### TASK GOAL:
Work through the listing below and give again exactly the lines from the one with "Tokyo 7hr Private" to the one with "Bad Bunny junto", both ends included. All other lines and all pictures stay out.

### INFORMATION PROVIDED:
┄┄┄┄┄┄┄┄┄┄

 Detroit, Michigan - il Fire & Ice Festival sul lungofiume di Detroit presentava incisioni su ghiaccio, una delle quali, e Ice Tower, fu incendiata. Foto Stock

┄┄┄┄┄┄┄┄┄┄

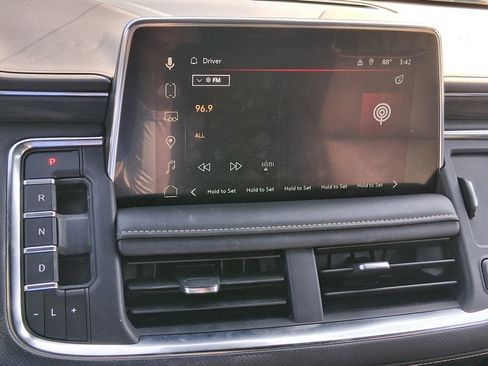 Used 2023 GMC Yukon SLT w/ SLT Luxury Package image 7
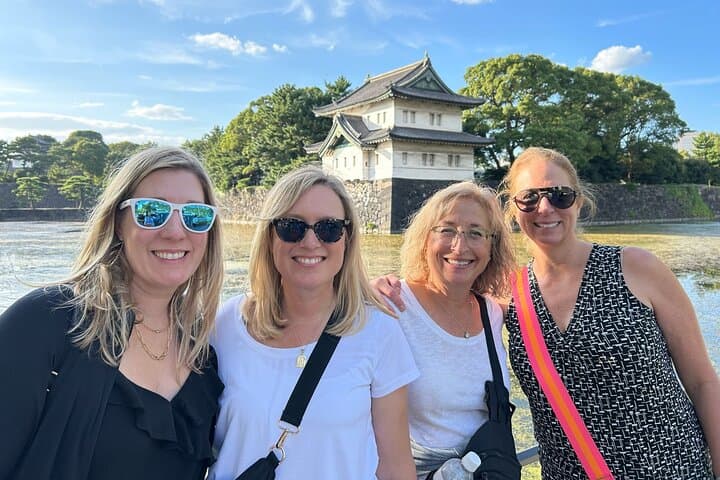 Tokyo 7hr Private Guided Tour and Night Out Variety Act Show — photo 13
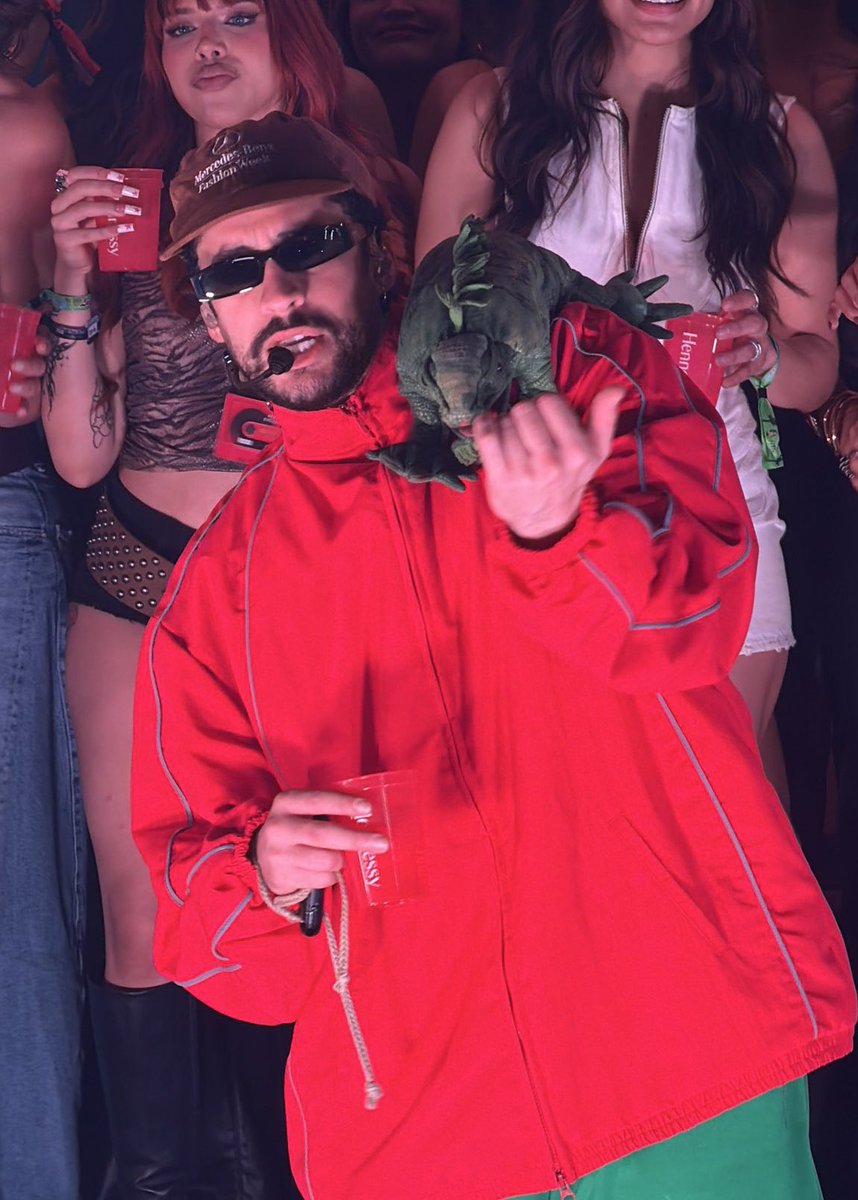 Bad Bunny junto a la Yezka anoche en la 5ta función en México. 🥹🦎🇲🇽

┄┄┄┄┄┄┄┄┄┄

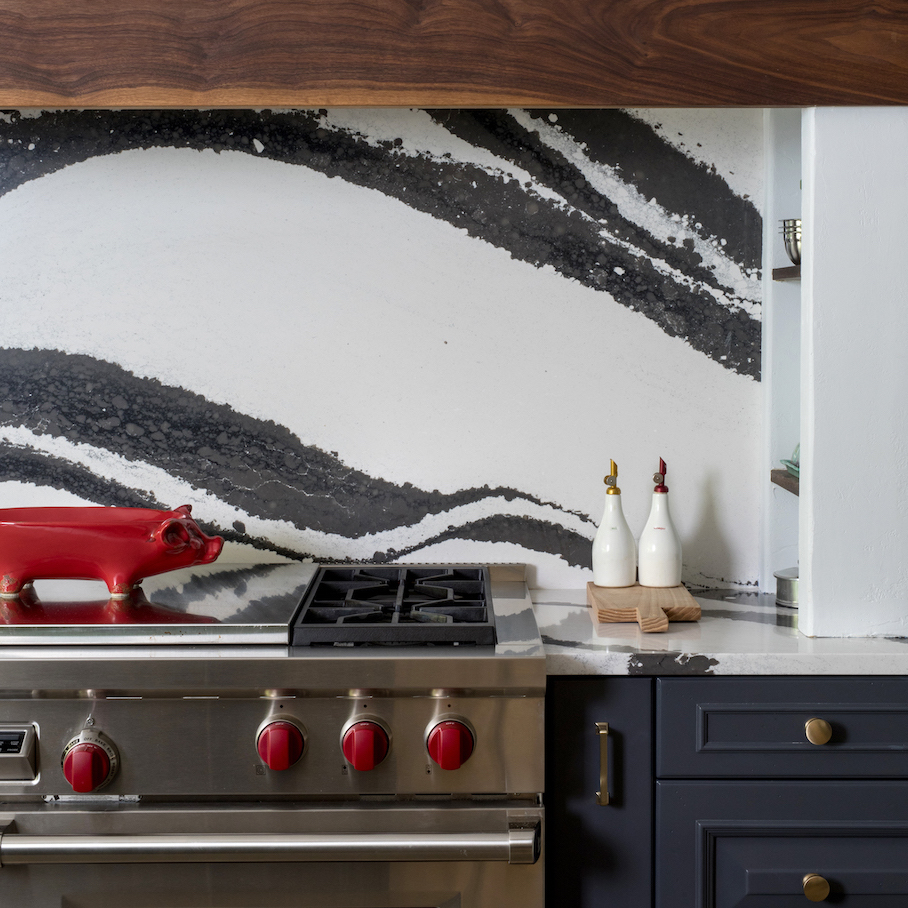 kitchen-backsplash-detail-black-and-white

┄┄┄┄┄┄┄┄┄┄

### TASK OUTPUT:
 Tokyo 7hr Private Guided Tour and Night Out Variety Act Show — photo 13
 Bad Bunny junto a la Yezka anoche en la 5ta función en México. 🥹🦎🇲🇽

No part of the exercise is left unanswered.